▶ _PROBLEM DESCRIPTION_
From the data below, give the number of lines holding the word "Nissan", with nothing else added.

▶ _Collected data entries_
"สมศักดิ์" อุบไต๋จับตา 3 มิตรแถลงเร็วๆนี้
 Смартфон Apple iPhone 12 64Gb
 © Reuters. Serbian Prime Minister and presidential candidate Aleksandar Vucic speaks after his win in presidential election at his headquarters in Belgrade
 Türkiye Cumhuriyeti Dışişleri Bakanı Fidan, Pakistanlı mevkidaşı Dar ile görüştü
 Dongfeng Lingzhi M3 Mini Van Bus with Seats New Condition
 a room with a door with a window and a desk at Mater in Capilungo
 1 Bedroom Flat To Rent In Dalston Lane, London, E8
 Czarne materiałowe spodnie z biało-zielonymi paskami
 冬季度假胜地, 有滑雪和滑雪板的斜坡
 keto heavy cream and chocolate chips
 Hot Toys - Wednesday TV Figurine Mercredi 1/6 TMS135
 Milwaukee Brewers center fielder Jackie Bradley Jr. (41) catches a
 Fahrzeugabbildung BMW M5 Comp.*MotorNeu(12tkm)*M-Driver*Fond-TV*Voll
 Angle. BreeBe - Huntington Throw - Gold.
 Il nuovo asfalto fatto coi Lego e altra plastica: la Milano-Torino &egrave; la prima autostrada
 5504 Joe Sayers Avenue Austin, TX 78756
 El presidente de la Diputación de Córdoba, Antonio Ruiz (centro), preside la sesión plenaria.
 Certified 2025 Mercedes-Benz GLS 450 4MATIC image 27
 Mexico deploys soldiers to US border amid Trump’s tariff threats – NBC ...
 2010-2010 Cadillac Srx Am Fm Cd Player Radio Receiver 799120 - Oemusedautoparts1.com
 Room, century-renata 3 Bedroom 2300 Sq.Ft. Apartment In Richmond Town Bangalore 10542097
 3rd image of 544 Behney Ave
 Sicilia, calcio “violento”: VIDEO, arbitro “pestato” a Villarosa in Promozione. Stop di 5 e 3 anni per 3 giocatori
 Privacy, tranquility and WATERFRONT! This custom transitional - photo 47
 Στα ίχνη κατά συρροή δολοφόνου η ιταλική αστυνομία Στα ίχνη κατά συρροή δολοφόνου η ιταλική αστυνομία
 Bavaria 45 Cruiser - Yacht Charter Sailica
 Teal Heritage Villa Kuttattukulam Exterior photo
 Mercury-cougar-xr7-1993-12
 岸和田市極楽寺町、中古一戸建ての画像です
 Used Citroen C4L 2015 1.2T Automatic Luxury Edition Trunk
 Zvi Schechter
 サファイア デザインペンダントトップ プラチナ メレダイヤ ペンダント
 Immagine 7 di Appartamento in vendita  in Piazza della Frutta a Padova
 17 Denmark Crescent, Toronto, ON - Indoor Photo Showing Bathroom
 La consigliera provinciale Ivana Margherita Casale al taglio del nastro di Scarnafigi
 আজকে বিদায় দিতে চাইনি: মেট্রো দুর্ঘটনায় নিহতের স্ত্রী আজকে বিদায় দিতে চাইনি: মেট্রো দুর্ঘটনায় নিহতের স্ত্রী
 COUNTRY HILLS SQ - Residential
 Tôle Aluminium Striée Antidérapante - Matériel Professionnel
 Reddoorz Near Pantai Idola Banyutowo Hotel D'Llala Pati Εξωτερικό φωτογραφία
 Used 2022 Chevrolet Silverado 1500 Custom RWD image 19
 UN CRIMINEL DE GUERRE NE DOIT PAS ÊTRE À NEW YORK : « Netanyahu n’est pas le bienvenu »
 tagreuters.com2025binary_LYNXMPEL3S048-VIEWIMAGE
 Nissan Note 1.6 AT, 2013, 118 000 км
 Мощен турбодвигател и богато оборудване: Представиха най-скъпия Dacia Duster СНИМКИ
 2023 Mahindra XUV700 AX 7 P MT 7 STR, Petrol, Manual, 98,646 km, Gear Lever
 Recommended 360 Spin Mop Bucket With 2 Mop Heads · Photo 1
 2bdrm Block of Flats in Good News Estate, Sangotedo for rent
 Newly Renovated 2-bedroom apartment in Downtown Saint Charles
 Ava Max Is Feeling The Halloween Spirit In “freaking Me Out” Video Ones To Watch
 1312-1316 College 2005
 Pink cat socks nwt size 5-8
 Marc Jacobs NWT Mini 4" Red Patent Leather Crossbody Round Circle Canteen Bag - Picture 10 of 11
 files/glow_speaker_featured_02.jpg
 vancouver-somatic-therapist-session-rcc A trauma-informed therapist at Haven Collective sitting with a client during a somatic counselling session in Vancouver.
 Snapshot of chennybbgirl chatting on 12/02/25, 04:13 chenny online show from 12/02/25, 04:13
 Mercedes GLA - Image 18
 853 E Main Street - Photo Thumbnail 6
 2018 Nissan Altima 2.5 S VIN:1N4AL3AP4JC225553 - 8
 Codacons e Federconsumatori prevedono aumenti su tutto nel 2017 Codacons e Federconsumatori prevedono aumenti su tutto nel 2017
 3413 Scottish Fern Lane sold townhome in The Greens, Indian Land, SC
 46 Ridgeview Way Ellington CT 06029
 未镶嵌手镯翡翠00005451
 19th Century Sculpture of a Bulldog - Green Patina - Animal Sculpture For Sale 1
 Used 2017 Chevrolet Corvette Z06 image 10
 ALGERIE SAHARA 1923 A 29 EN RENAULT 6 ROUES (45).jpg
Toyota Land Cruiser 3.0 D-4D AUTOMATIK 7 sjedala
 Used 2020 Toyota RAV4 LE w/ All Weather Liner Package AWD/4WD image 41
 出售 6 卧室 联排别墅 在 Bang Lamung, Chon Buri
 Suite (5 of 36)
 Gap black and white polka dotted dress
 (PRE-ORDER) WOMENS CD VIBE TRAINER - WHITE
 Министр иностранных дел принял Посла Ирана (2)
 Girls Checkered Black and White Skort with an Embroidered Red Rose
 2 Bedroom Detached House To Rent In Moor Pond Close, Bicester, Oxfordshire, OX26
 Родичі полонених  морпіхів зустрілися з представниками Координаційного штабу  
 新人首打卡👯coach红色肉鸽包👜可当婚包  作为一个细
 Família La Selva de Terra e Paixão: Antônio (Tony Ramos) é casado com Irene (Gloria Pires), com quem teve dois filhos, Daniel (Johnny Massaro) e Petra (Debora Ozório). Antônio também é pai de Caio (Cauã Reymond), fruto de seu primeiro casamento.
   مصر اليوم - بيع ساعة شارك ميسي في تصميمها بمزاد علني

▶ _WRITTEN REPLY_
2